HSM : C’est une excellente question. Même si nous pouvons miser sur ce que j’appellerais un scénario de base radieux, il y a certes des risques qui pointent à l’horizon pour 2025. Comme vous l’avez si bien dit, la nouvelle administration Trump représente l’un de ces risques. Si le nouveau président devait imposer de lourds tarifs douaniers au Canada, au Mexique, à l’Europe et à la Chine, il va de soi que la croissance de l’économie mondiale ne s’améliorera pas autant que ce à quoi nous nous attendons aujourd’hui. Il pourrait y avoir un risque énorme pur ce qui est des résultats bénéficiaires des entreprises. Si la croissance devait décevoir ou régresser et se contracter à cause des tarifs douaniers, il est évident qu’on ne pourra pas compter sur une croissance de 10 % à 12 % du bénéfice par action des entreprises en 2025, ce qui pourrait donner lieu à un brusque repli des cours boursiers. Il s’agit donc d’un risque considérable. Nous devrions avoir plus de détails dans les prochaines semaines, et peut‑être même dans les prochains mois. Nous saurons alors ce qu’il adviendra des tarifs douaniers.
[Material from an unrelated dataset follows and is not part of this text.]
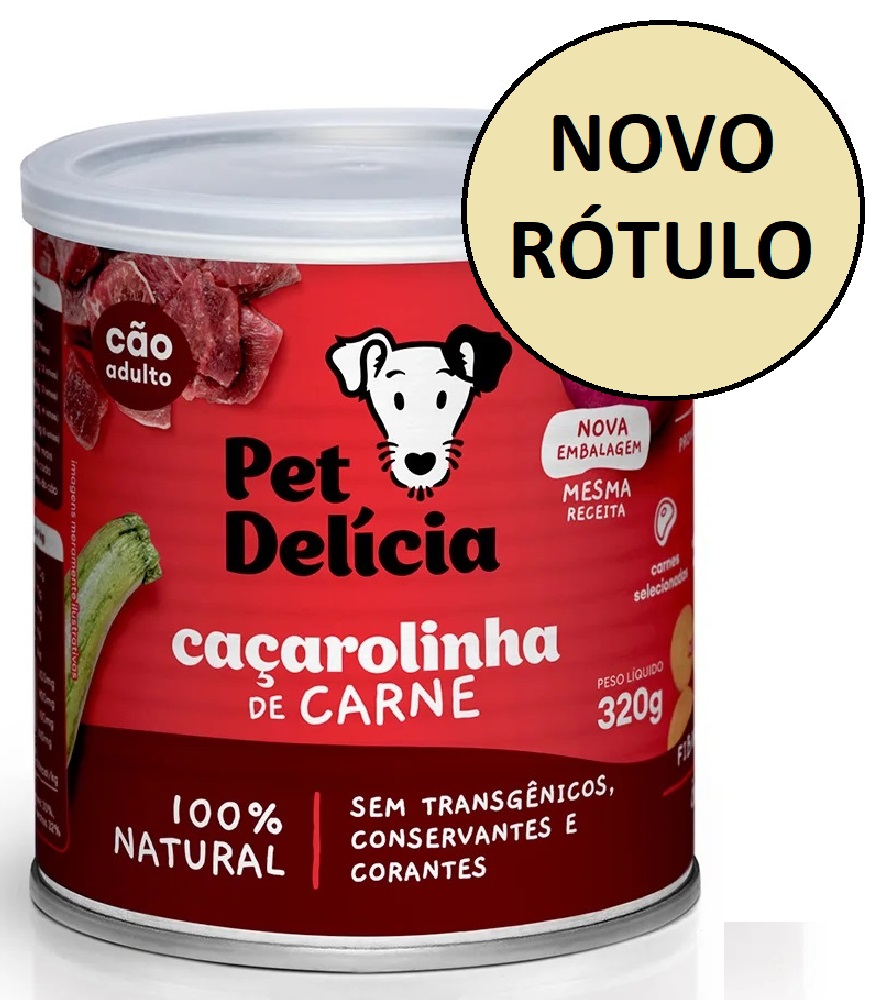 PET DELÍCIA - COMIDA NATURAL ÚMIDA P/ CÃES ADULTOS CAÇAROLINHA DE CARNE 320 G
SM : Très bien. Je crois qu’il y a différentes forces à l’œuvre. D’une part, je pense que nombreux sont ceux qui s’attendent à ce que l’administration Trump soit une bonne nouvelle pour la conjoncture commerciale et la croissance à ce point de vue. Mais il pourrait y avoir des inconvénients, dont les tarifs douaniers, entre autres.
HSM : Oui, absolument. C’est la raison pour laquelle le marché s’est d’abord envolé assez vigoureusement après la présidentielle du 5 novembre. On misait sur les baisses d’impôts. Je crois que c’est ce qui pourrait se produire. Mais la grande question est de savoir si les tarifs douaniers sont seulement une ruse pour tirer le meilleur parti possible des partenaires commerciaux des États‑Unis ou si Donald Trump a décidé d’imposer ces tarifs à la plupart des partenaires commerciaux. À nouveau, même si ces tarifs nous sont imposés, seront‑ils très élevés? Comme Trump l’a plusieurs fois mentionné, il imposerait des tarifs de 25 % sur les exportations canadiennes. Mais, si ce n’est pas 25 % et que c’est 5 %, ce sera beaucoup plus facile à gérer. Encore une fois, il y a beaucoup d’incertitude, et nous ne savons même pas s’il y aura ou non des tarifs douaniers. Mais s’il y en a, seront‑ils modestes ou importants? Et seront‑ils généralisés ou plus ciblés sur une industrie ou deux, ce qui serait plus facile à encaisser à mon avis, d’un point de vue économique et pour l’économie canadienne.
SM : Très bien. Avant même de parler des thèmes spécifiques du rapport que j’ai évoqué à plus tôt, pourriez‑vous nous dire un mot sur ce rapport et sur son objectif. S’agit‑il en quelque sorte d’un guide pour les investisseurs à l’orée de 2025?
HSM : On peut effectivement dire qu’il s’agit d’un guide. Au moment où nous l’avons rédigé, au début de décembre, nous avons consacré tous nos efforts à cerner ce qui pourrait se produire en 2025. Il va de soi que bien des choses pourraient changer dans l’année. Mais lorsque nous avons rédigé ce rapport et même en vous en parlant aujourd’hui, notre scénario de base prévoit une croissance honnête. Et je crois que cette croissance sera favorable à la valorisation des actifs à risque dans ce parcours.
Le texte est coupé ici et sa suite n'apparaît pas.